### PROMPT
Find all the lines in the material below with the word "Neck", and copy them.

────

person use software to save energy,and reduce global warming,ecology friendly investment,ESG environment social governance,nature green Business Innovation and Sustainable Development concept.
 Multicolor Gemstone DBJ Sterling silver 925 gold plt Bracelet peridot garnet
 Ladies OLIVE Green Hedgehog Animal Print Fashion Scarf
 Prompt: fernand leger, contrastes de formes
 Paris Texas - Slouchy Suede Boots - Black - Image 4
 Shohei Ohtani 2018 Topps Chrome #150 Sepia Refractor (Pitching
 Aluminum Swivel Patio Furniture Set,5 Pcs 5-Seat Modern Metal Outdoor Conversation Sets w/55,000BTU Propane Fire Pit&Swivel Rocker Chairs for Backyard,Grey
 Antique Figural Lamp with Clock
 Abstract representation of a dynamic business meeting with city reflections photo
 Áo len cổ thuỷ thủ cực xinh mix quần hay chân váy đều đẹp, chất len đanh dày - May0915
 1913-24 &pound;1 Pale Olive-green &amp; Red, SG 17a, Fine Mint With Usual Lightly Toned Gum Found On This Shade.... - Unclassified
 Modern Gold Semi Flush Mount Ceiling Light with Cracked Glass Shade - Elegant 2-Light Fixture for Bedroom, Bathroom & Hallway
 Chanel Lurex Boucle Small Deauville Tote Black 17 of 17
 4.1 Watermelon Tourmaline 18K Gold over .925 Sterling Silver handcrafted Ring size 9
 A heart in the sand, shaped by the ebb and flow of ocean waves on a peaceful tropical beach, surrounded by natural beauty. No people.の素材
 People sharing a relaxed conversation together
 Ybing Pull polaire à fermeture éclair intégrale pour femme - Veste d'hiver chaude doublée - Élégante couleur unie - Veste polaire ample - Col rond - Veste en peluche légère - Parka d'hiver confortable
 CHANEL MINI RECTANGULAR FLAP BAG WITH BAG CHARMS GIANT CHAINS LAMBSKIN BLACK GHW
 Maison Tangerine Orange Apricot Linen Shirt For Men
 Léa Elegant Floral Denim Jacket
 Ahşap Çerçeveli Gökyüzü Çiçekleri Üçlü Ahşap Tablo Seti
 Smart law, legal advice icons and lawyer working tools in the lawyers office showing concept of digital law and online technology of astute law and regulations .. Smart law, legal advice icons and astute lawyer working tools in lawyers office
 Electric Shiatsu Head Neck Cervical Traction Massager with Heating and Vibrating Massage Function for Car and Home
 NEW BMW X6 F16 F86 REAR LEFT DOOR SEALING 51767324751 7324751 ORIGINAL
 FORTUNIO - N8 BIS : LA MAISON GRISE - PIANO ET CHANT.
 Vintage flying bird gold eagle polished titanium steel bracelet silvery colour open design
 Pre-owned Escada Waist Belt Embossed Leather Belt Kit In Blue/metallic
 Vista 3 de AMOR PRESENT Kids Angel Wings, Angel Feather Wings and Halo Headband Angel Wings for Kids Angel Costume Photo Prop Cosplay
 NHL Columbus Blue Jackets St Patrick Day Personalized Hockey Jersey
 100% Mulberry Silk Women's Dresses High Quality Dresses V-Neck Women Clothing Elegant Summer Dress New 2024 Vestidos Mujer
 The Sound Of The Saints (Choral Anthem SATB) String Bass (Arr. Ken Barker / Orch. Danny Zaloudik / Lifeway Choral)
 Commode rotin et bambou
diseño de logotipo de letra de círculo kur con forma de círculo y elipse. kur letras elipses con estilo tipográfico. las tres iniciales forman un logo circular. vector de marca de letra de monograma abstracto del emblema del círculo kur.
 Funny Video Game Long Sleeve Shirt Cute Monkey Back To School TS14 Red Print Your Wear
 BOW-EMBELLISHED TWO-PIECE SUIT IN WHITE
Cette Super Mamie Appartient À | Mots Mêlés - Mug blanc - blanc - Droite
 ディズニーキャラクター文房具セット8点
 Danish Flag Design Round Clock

────

### RESULT BELOW
 Electric Shiatsu Head Neck Cervical Traction Massager with Heating and Vibrating Massage Function for Car and Home
 100% Mulberry Silk Women's Dresses High Quality Dresses V-Neck Women Clothing Elegant Summer Dress New 2024 Vestidos Mujer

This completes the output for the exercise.